Voor mij is het absoluut ondenkbaar om alleen de ‘acceptabele’ onderwerpen te selecteren en over het mensenrechten-kader te gaan onderhandelen. De VN geeft ons de mensenrechten, en wij hebben deze rechten, of ze nu door de staat en de Raad van Europa erkend worden of niet. Het is voor ons heel simpel: Als het gaat over mensenrechten, dan horen wij erbij want de VN erkent onze rechten, maar als het gaat over de erkende rechten in de Nederlandse Staat, dan vallen wij daarbuiten. Dus ik wil graag weten waar het hier over gaat.
En als mijn onderwerp “te controversieel” is en teveel discussie geeft om op de agenda gezet te worden, dan kan ik misschien beter meteen weggaan.”

Ik had tranen in mijn ogen, want de toonzetting van de vergadering gaf me de indruk dat men het rapport vooral “simpel” wilde houden, waarmee men voorbij dreigt te gaan aan een aantal werkelijke mensenrechtenschendingen in ons land. Dan zou dit rapport ook weer zo’n “schone-schijn-document” worden, wat niet uitdaagt of aanzet tot verbetering, maar waarmee alles bij het oude blijft, omdat het gebaseerd is op bestaande acceptatie, alsof het allemaal wel goed is nu en er alleen maar veranderingen binnen de marge nodig zijn. Dat schiet niet op, en bagatelliseert bovendien de mensenrechten van een aanzienlijk deel van de samenleving. Er zijn werkelijke problemen waarop actie nodig is, en die moeten op de agenda. En het plan dat er binnen een bepaalde tijd een rapport moet verschijnen mag niet belangrijker zijn dan de inhoud ; de mensenrechtenbescherming van kwetsbare groepen.
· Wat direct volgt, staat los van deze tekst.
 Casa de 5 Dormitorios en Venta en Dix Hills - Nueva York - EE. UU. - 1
Ik was dus echt aangedaan door de ontstane situatie, en ik maakte vol emoties mijn punt, en ik vroeg me openlijk af of ik wel thuishoorde op deze vergadering. Maar niemand wilde dat ik weg zou gaan, en ze vroegen of ik asjeblieft wou blijven, want men vond het belangrijk wat ik zei. Dus ik bleef.
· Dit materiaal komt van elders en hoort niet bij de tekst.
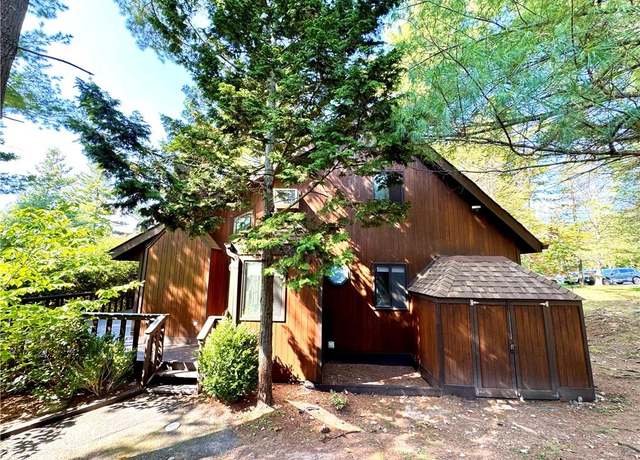 Property at 44 Lakeview Ter, Monticello, NY 12701, 3 beds, 3 baths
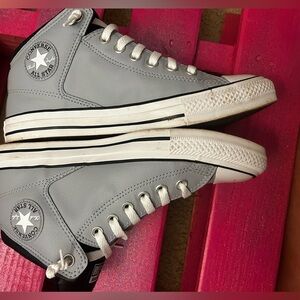 Unisex Converse Chuck Taylor All Star high tops:Grey/Navy- women’s-9 men’s 7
De voorzitter zei nog iets in de algemene trant van “we gaan ons best doen om zoveel mogelijk van de input te verwerken en we vinden het allemaal erg belangrijk om de mensenrechten te verbeteren”, en ik flapte er per ongeluk uit: “Ja, dat hoor ik ook al 20 jaar…”. (daarmee gaf ik aan dat ik niet veel vertrouwen had in de overheid). Maar ik ben dus wel bij de vergadering gebleven. Die was inmiddels bijna afgelopen. Ik was zelf nog wat overrompeld van de heftigheid, en misschien de rest ook wel, want er kwam een soort natuurlijk einde aan de bijeenkomst.

Mijn punten leken opnieuw wel gehoord te zijn, en met name door de maatschappelijke organisaties. Aan het einde kreeg ik nog een paar visitekaartjes van Amnesty en Defence for Children, die ik inmiddels mijn CAT-schaduwrapport over mensenrechtenschendingen in de geestelijke gezondheidszorg in Nederland heb toegezonden. Ik ben benieuwd naar de reacties.

Het was dus echt een pittige bijeenkomst, waarbij ik flink heb moeten pleiten. Het was een interessante discussie, en ik heb geen idee waar dit proces heen zal gaan. Het kan op zich nog alle kanten op. Ik sta nu inmiddels op de lijst voor consultatie, dus ik zal voorlopig in ieder geval nog betrokken zijn in dit proces. Maar ik blijf van mening dat onze fundamentele mensenrechten niet onderhandelbaar zijn. Wij hebben rechten, en die mogen we claimen. Ik ga het niet accepteren als onze rechten nu weer uitgesloten worden door de overheid. Het is 2013, en we leven in een nieuwe eeuw met nieuwe VN-normen. Dat kan Nederland toch niet ontgaan zijn, en anders zullen wij ze wel even wakker maken!